In the entries that follow, the line with "2017 RAM 1500 Express Quad Cab 4x2 6'4' Box" opens the range and the line with "CHANEL 25S KELLY" closes it; repeat that range exactly, both lines included.

[RECORDS]:
↓↓↓

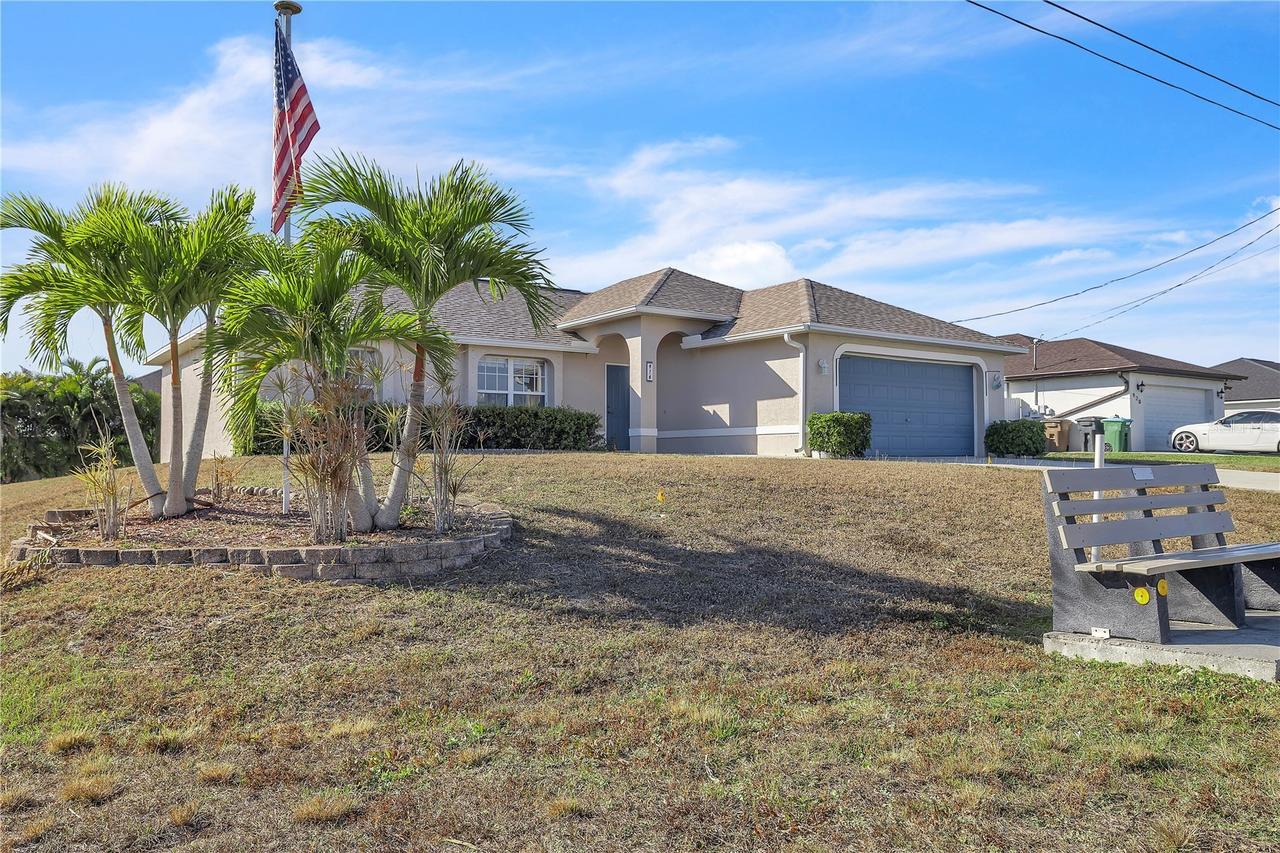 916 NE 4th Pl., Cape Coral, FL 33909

↑↑↑
↓↓↓

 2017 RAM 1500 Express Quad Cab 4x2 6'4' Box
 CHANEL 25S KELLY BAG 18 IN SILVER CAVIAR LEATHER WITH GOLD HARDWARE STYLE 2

↑↑↑

[ANSWER TO THE EXERCISE]:
 2017 RAM 1500 Express Quad Cab 4x2 6'4' Box
 CHANEL 25S KELLY BAG 18 IN SILVER CAVIAR LEATHER WITH GOLD HARDWARE STYLE 2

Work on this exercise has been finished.